Verschil tussen ref en out-parameter in c #

ref (referentie) Parameter
De parameter "ref" wordt gebruikt om de waarde door te geven door te verwijzen van de actuele parameter naar de formele parameter, d.w.z. van de callee-methode naar de aangeroepen methode. In C # is een parameter gedeclareerd met een "ref" -modifier een referentieparameter. Wanneer u parameters doorgeeft via verwijzing, wordt in tegenstelling tot waardeparameters geen nieuwe locatie voor deze parameter gemaakt.

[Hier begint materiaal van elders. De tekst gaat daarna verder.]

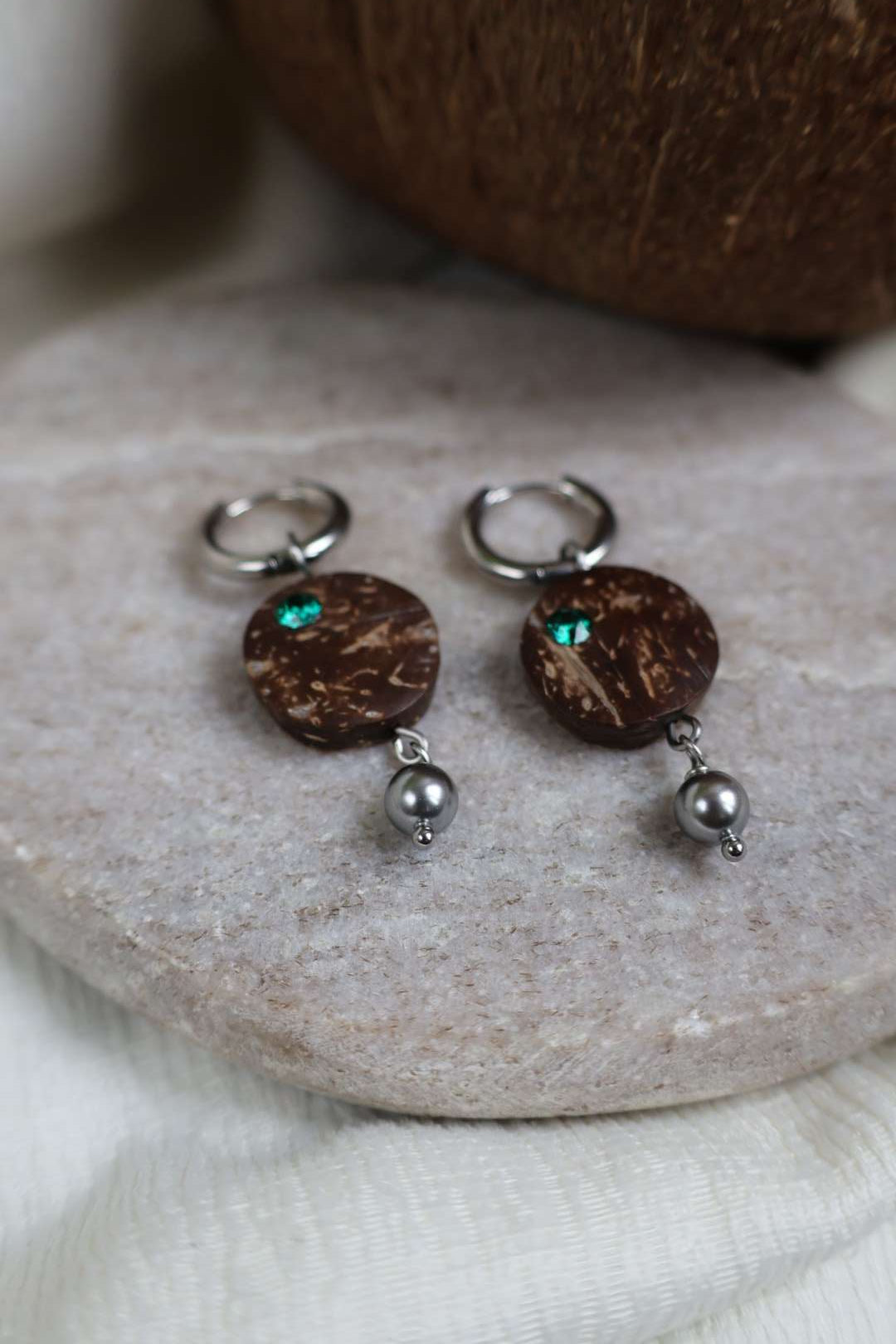 Créoles AURA dorées en noix de coco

Alle wijzigingen die in de formele parameter worden aangebracht, worden in de actuele parameter weergegeven.

Voorbeeld van ref Parameter

1234567 void Increment (ref int m) m = m + 100; // waarde van n wordt gewijzigd ..... int n = 50; Increment (ref n);

Zoals in het bovenstaande programmafragment wordt getoond, worden eventuele wijzigingen in m weergegeven in n, omdat de parameter door verwijzing wordt doorgegeven.

out (Output) Parameter
Uitvoerparameter wordt gebruikt om het resultaat door te geven aan de aanroepende functie. 'uit'-sleutelwoord wordt gebruikt om de parameter als een uitvoerparameter te declareren. Net als bij een referentieparameter, maakt een uitvoerparameter geen nieuwe opslaglocatie. In plaats daarvan wordt het een alias voor de parameter in de aanroepmethode.

Voorbeeld van uit parameter

12345678910111213 using System; class MyOutput static void Square (int p, out int q) q = p * p; public static void main () int x; Square (5, out x); Console.WriteLine ("Square of een nee is: "+ x);

In het bovenstaande programma wordt x gedeclareerd als een uit-parameter in de oproepfunctie en zoals u ziet, is x niet geïnitialiseerd. Wanneer de functie Square eindigt, wordt de waarde van q gekopieerd naar de uitvoerparameter x.

Verschil tussen ref en out-parameter in C #

  1. In de referentieparameter worden wijzigingen die in de formele parameter zijn aangebracht, weerspiegeld in de werkelijke parameter, terwijl in de parameter outback de waarde wordt weergegeven in de out-parameter van de aanroepende functie.
  2. De werkelijke parameter van de 'uitvoer' die gewoonlijk geen waarde heeft toegewezen, terwijl aan een feitelijke parameter die als referentie is gedeclareerd, altijd een waarde moet worden toegewezen voordat deze wordt gebeld.
    Notitie: U moet waarde toewijzen aan de parameter out in de body van de methode; anders wordt de methode niet gecompileerd.
  3. Zowel out- als ref-parameters creëren geen nieuwe geheugenlocatie.
  4. De ref en out-parameters worden tijdens runtime anders behandeld, maar tijdens de compilatie worden ze hetzelfde behandeld.